In a public opinion poll released on March 15, 28% of Americans responded that they would consider leaving the country if Donald Trump won the 2016 presidential election. That once-remote possibility creeps nearer to reality with the controversial billionaire television producer securing the Republican Party nomination after rivals Ted Cruz and John Kasich dropped out this week.
Trump’s likely opponent, Hillary Clinton, continues to struggle in the Democratic Primary against Vermont Senator Bernie Sanders, and now faces a possible FBI investigation after infamous hacker Guccifer announced he had repeatedly compromised her private email server which contained improperly stored top-secret information.
Many US citizens have decided not to chance the likely instability of a Trump presidency, with a shocking 1700% surge in the number of Americans renouncing their citizenship. In the first three months of 2016, the US Treasury Department reported that a record 1,158 individuals had renounced their citizenship.

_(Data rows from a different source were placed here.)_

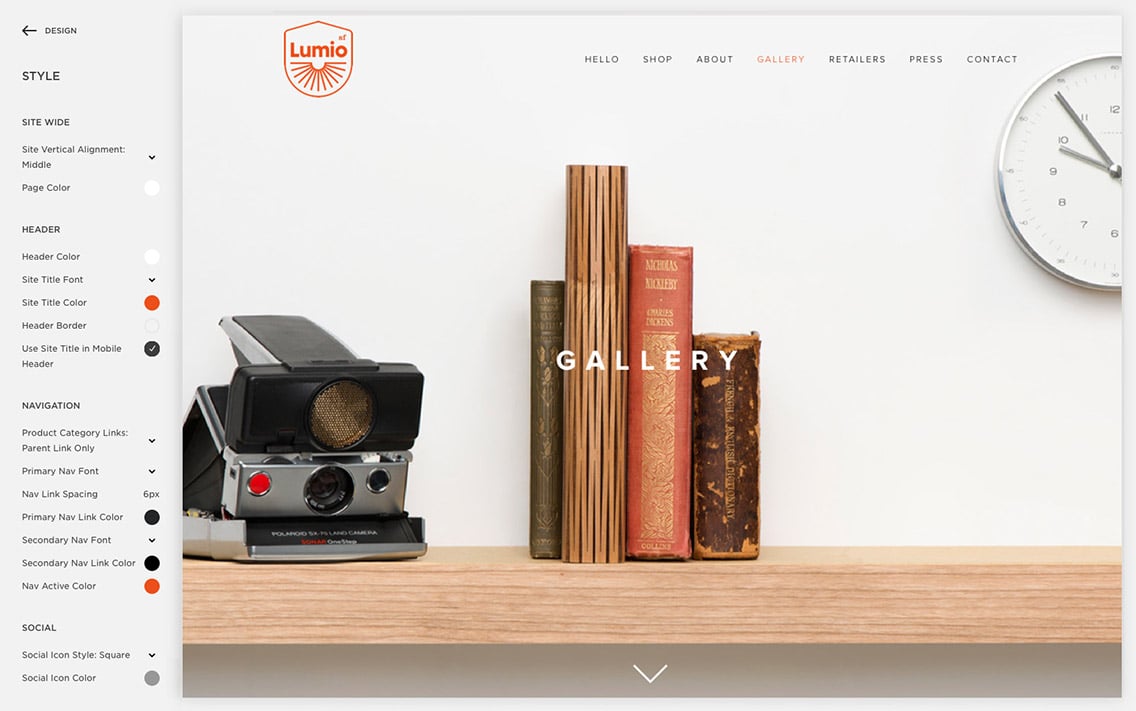Squarespace Screenshot
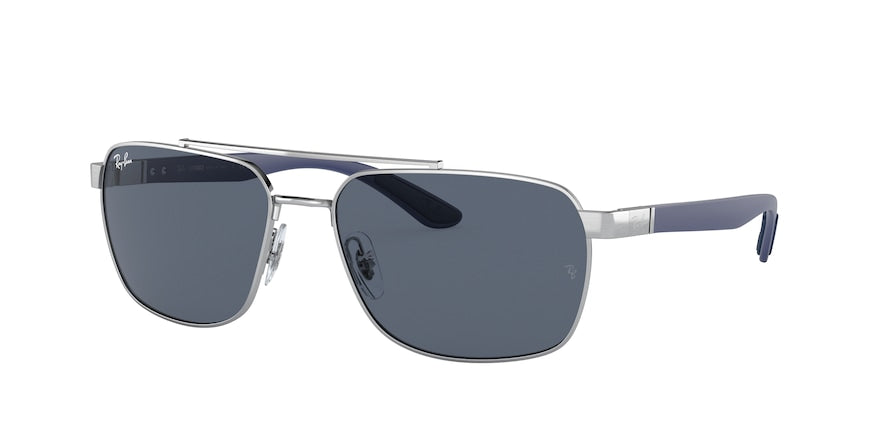 Ray-Ban RB3701 Rectangle Sunglasses  924387-SILVER 59-17-145 - Color Map silver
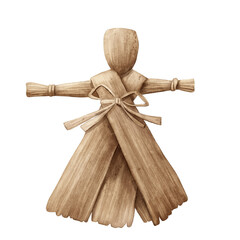 Straw Brigid doll for Imbolc.
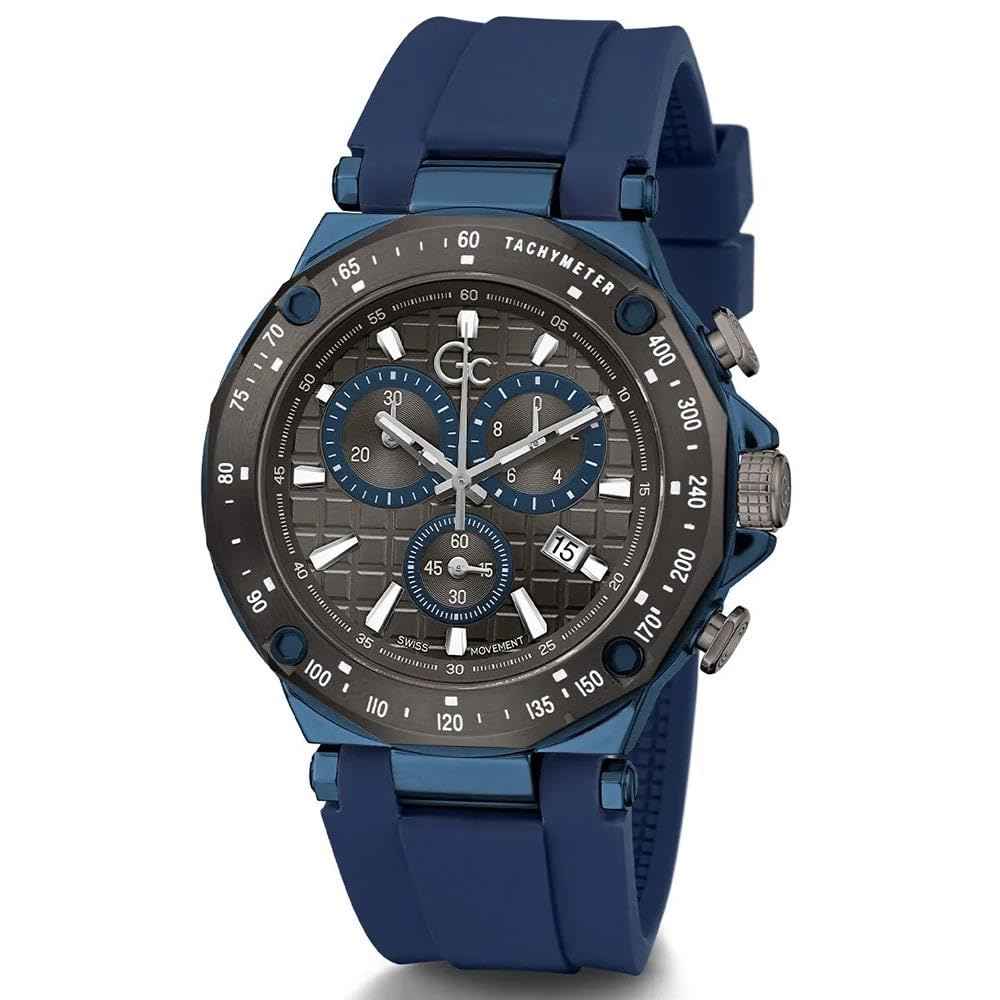 GC Mens 45 mm Spirit Sport Gray Dial Silicone Analog Watch - Y81006G5MF SaumyasStore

Analysts project that the true number of US expatriations in response to the threat of a Trump presidency is much higher than reported, with many individuals departing the country without formally renouncing their US citizenship or having been barred from renouncing their citizenship due to outstanding student loans.
The United States charges $2,350 for an individual to formally renounce their citizenship and hand in their passport.
Not all individuals renouncing their citizenship do so in response to politics. For years, the majority of individuals undergoing the process did so to avoid America’s burdensome global income tax regime. However, with the number of departures jumping 1700% over the Bush era, with the majority of the spike coming in the past 9 months, the possibility exists that this is, at least in part, a Trump-based phenomenon.
Over 50% of Republican voters have claimed in election exit polls that they would be “very concerned” or “scared” of a Trump presidency.